Nelson piensa desde el color y también desde la palabra que lo nombra en cada idioma. Así, nos pone al corriente de que «en alemán, estar azul (blau sein) significa estar borracho. Antes, el delirium tremens era llamado “diablillos azules” (…). En Inglaterra, “la hora azul” es la happy hour (la hora feliz de los bares)». Y ella misma sabe que el fin de aquella relación que marca el libro es una especie de delirio de ausencia, manifestado en una segunda persona que tiñe de azul y que aparece intermitentemente para dejar constancia de lo que falta. Frente a ese vacío, la primera persona que narra y comparte impresiones se confirma como un ser severo, que padece con dignidad, que a pesar de todo no busca el azul ni cambia nada por él: «Las cosas azules que atesoro son regalos o sorpresas en el paisaje. Las rocas que desenterré este verano en las tierras del norte, por ejemplo, cada una pintada misteriosamente en su barriga con una faja de azul brillante. El pequeño trasto cuadrado de tinte azul marino que me llevaste hace mucho, cuando apenas nos conocíamos, guardado cuidadosamente en un envoltorio de papel».

Les Bluets. Joan Mitchell, 1973
El azul es un narcótico, o al menos así se apoya la autora en el pensamiento de Platón, que comparaba, en este sentido amenazante, el color con la poesía. Algo parecido ocurre con la pintura y el abismo que supone en algunas ocasiones; basta con una clave, lo hipnótico del cuadro preferido de la autora (y que da título a este libro): Les Bluets, pintado por Joan Mitchell en 1973.
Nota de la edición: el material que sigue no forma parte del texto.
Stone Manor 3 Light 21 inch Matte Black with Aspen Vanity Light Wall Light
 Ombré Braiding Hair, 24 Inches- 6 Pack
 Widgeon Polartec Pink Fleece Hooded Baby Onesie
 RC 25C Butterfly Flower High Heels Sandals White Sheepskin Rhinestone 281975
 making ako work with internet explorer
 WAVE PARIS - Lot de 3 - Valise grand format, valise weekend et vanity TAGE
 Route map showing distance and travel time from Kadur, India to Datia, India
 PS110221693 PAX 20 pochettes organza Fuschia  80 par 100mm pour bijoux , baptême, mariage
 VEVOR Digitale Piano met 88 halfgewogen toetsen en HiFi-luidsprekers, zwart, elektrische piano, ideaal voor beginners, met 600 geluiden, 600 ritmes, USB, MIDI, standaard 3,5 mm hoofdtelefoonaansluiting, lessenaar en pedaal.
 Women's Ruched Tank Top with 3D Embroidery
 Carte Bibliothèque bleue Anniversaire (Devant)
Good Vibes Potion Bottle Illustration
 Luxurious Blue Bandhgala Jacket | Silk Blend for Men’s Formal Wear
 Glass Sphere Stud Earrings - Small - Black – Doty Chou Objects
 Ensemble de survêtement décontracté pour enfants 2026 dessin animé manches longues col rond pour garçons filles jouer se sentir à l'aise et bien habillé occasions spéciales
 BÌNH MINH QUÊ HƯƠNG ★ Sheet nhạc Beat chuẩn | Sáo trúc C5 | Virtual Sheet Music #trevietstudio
La pregunta es obligada: ¿es Bluets un libro azul? ¿Es azul más allá de su tinta, de su cubierta, de lo que narra? ¿Es azul porque la autora logra hacernos partícipes de su particular sinestesia? A falta de una buena respuesta, queda algo cierto: Maggie Nelson no ha descubierto un color, mucho menos el azul, pero sí una nueva manera de mirarlo.